Morgan Spurlock joins the list of Hollywood men caught up in the sexual misconduct reckoning running through society. The documentary director released a statement late on Wednesday, detailing his own questionable past actions and putting them in the spotlight for all to see. Some applauded Spurlock for admitting fault, while others still ultimately believed his inappropriate actions should result in his dismissal from the industry. It's just another sordid chapter in an affair that is shaking up the very fabric of American life.

Spurlock fesses up

Spurlock took to TwitLonger to express himself. He named the post "I am Part of the Problem." The director started the post by admitting that he has sat around and waited for people to start leveling accusations toward him. After the introduction, he delved into a specific instance that took place when he was in college. Apparently, a peer wrote a short story for a class about how Spurlock raped her, despite him having memories to the contrary.

The director also discussed a lawsuit he settled. He had a propensity of calling female assistants by inappropriate names, so when she demanded a settlement, he obliged.

Spurlock now says he did that to protect his reputation.
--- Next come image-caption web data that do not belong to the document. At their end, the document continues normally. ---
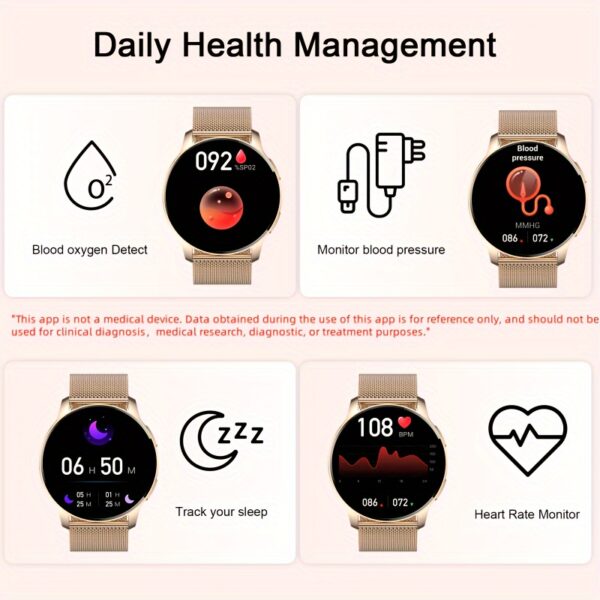 Smartwatch for women (answering/making calls), fitness tracker for Android and iPhone smartphones, equipped with LED high-definition full touch screen AI voice controlled pedometer - Image 6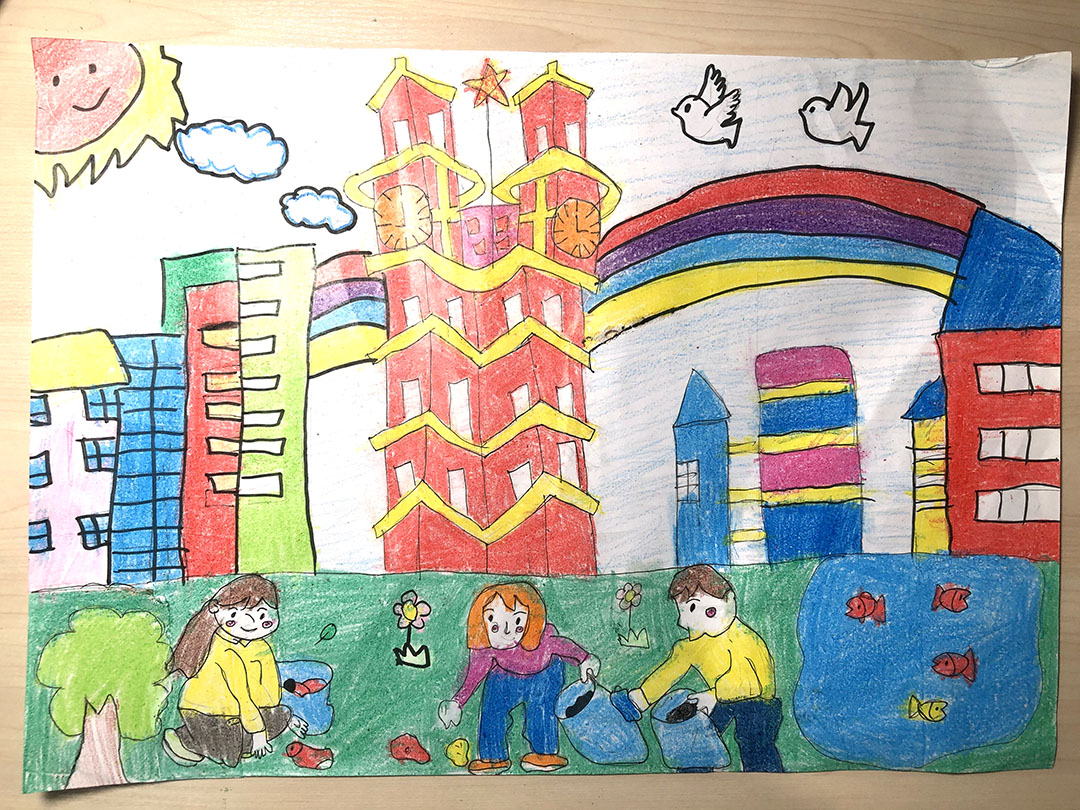 共创文明城 小学生优秀绘画作品9张-图6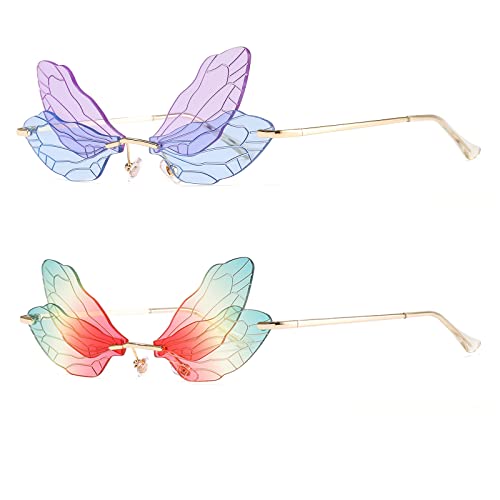 YUELUQU Mode Rimless Dragonfly Schmetterling Flügel Sonnenbrille Party Cosplay niedliche lustige Gläser (Tricolor+Blau Lila) von YUELUQU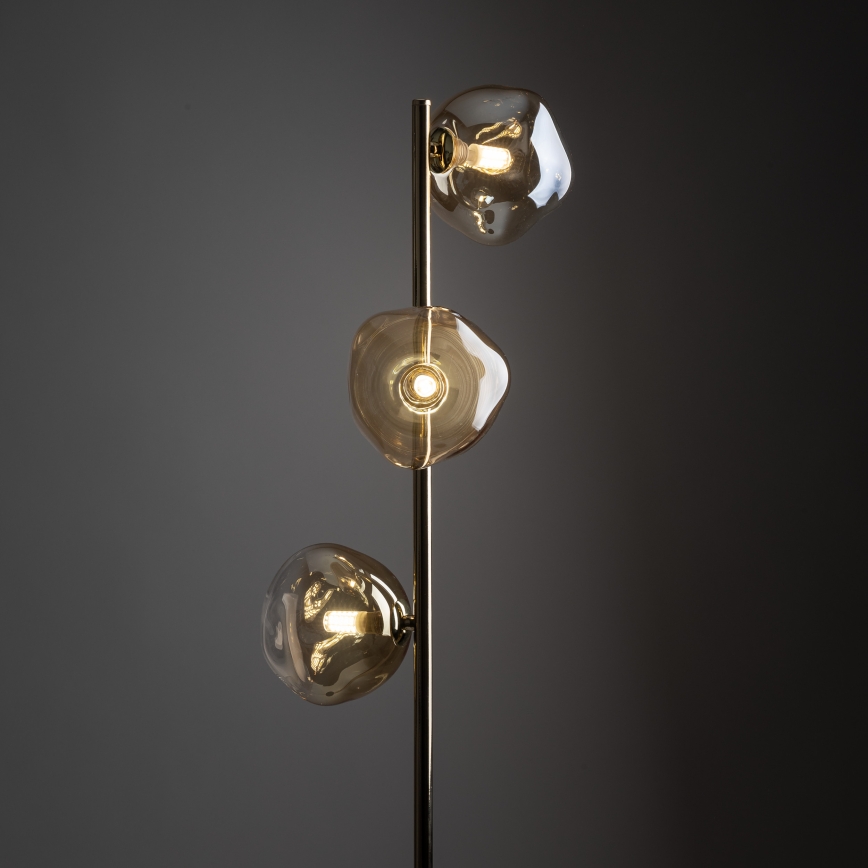 Brilagi - Stojací lampa VULCANO 3xG9/8W/230V zlatá/kouřová béžová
He also admitted a constant choice of infidelity during past relationships. He closed out his post by saying that he was ready to become a better man and ready to start listening to everyone around him.

Hollywood continues to reel

Spurlock is just the latest in a seemingly endlessly growing list of public figures to deal with sexual misconduct issues.

Just this week, director Bryan Singer was sued while Disney director of music publishing Jonathan Blake Heely was suspended. In other industries, Ryan Lizza, Tavis Smiley, and Mario Batali are among those who have been knocked off their perch this week. The fever has slowed slightly this month, but it could kick back up at any moment.

Spurlock is best known for his fast food documentary "Super Size Me." He made a sequel that premiered at this year's Toronto International Film Festival. He also has an ongoing show on CNN. It's not clear how this development will affect his career, but if it comes out that there's more to the story than what he's already said, it's over. Even if his admission is the extent of his actions, it will be difficult for him to earn redemption in the public eye, and rightfully so: sexual misconduct has no place in society.